The high incidence of lymphatic metastasis is closely related to poor prognosis and mortality in cancers. Potent inhibitors to prevent pathological lymphangiogenesis and lymphatic spread are urgently needed. The VEGF-C-VEGFR3 pathway plays a vital role in driving lymphangiogenesis and lymph node metastasis. In addition, COX2 in tumor cells and tumor-associated macrophages (TAMs) facilitates lymphangiogenesis. We recently reported that aiphanol, a natural stilbenolignan, attenuates tumor angiogenesis by repressing VEGFR2 and COX2. In this study, we evaluated the antilymphangiogenic and antimetastatic potency of aiphanol using in vitro, ex vivo and in vivo systems. We first demonstrated that aiphanol directly bound to VEGFR3 and blocked its kinase activity with an half-maximal inhibitory concentration (IC) value of 0.29 μM in an in vitro ADP-Glo kinase assay. Furthermore, we showed that aiphanol (7.5-30 μM) dose-dependently counteracted VEGF-C-induced proliferation, migration and tubular formation of lymphatic endothelial cells (LECs), which was further verified in vivo. VEGFR3 knockdown markedly mitigated the inhibitory potency of aiphanol on lymphangiogenesis. In 4T1-luc breast tumor-bearing mice, oral administration of aiphanol (5 and 30 mg· kg ·d) dose-dependently decreased lymphatic metastasis and prolonged survival time, which was associated with impaired lymphangiogenesis, angiogenesis and, interestingly, macrophage infiltration. In addition, we found that aiphanol decreased the COX2-dependent secretion of PGE2 and VEGF-C from tumor cells and macrophages. These results demonstrate that aiphanol is an appealing agent for preventing lymphangiogenesis and lymphatic dissemination by synergistically targeting VEGFR3 and inhibiting the COX2-PGE2-VEGF-C signaling axis.
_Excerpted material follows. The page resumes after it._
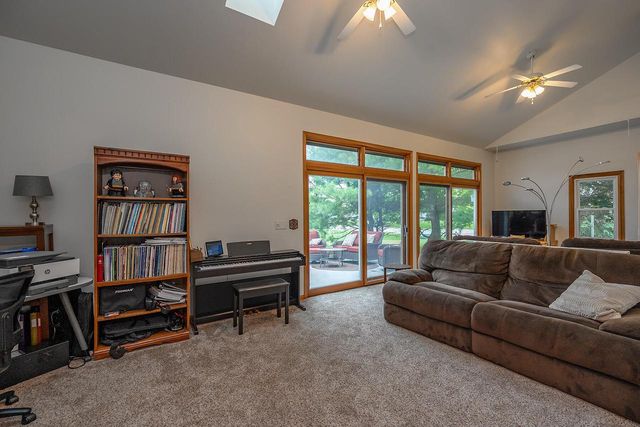 364 Plank ROAD, Mukwonago, WI 53149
淋巴转移的高发生率与癌症的不良预后和死亡率密切相关。迫切需要有效的抑制剂来预防病理性淋巴管生成和淋巴扩散。VEGF-C-VEGFR3 通路在驱动淋巴管生成和淋巴结转移中起着至关重要的作用。此外,肿瘤细胞和肿瘤相关巨噬细胞(TAMs)中的 COX2 促进淋巴管生成。我们最近报道,天然二苯乙烯类化合物 aiphanol 通过抑制 VEGFR2 和 COX2 来减弱肿瘤血管生成。在这项研究中,我们使用体外、离体和体内系统评估了 aiphanol 的抗淋巴管生成和抗转移作用。我们首先证明 aiphanol 可直接与 VEGFR3 结合,并在体外 ADP-Glo 激酶测定中以半最大抑制浓度(IC)值 0.29μM 阻断其激酶活性。此外,我们表明 aiphanol(7.5-30μM)剂量依赖性地拮抗 VEGF-C 诱导的淋巴管内皮细胞(LEC)增殖、迁移和管状形成,这在体内得到了进一步验证。VEGFR3 敲低显著减轻了 aiphanol 对淋巴管生成的抑制作用。在 4T1-luc 乳腺癌荷瘤小鼠中,口服给予 aiphanol(5 和 30mg·kg·d)剂量依赖性地减少了淋巴转移并延长了生存时间,这与淋巴管生成、血管生成的受损有关,有趣的是,还与巨噬细胞浸润有关。此外,我们发现 aiphanol 降低了肿瘤细胞和巨噬细胞中 COX2 依赖性 PGE2 和 VEGF-C 的分泌。这些结果表明,aiphanol 通过协同靶向 VEGFR3 和抑制 COX2-PGE2-VEGF-C 信号轴,是一种有吸引力的预防淋巴管生成和淋巴扩散的药物。